Dear Annie: I’m a senior in high school. I have been dating “Brianna” for 10 months. She graduated last year and attended a community college, but really had no ambition or motivation to be there. We spent last summer together, and I honestly fell in love with her.

Here’s the problem. I’ve been accepted to many colleges out of town. It’s always been my dream to go away to school. I told Brianna it wouldn’t be fair to either of us to stay together while I am away, but I want us to be together as much as possible until then. Ever since I mentioned this to Brianna, however, things haven’t been the same. We’ve been arguing a lot.

Brianna’s dad left when she was 12, and she’s still crushed by it. She doesn’t get along well with her family and tells me I’m all she has.

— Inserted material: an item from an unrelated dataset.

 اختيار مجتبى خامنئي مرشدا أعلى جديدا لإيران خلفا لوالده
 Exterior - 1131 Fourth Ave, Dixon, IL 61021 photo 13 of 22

She says when I go away to school, I’ll be leaving her just like everybody else.

Now I feel nothing but guilt when I think about college.

I want us to enjoy our time together as much as possible. I want Brianna to be my date for my senior prom, but I don’t want her to think I’m simply using her. It’s not true.

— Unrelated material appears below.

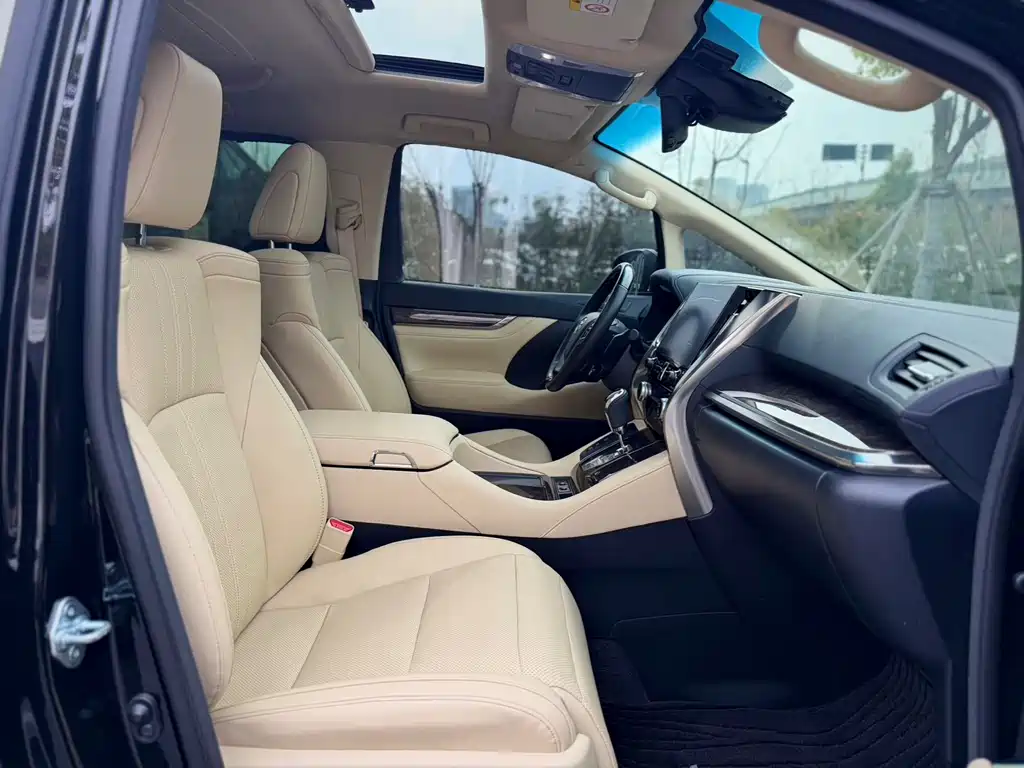 Toyota Alphard 2022 — фото 16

She is the only person I want by myside.

Annie, do you think it’s fair that we’re staying together now even though we’re most likely breaking up when I leave for college? I want the full college experience, and I know a long-distance relationsh­ip will be miserable, because Brianna and I argue constantly via text messages when we’re only 10 minutes away. Have I made the right decision? College Bound and Confused

Dear College Bound: Whether you stay together until the end of the summer is up to Brianna, too. If she can handle it, wishing you well, it’s a solid idea, and you can plan to see each other over winter break. But if Brianna feels you’re abandoning her, she may try to hold you hostage emotionall­y, pressuring you to alter your plans.

That will only create resentment all around.

Talk to Brianna and ask what she wants to do, but be firm about your future.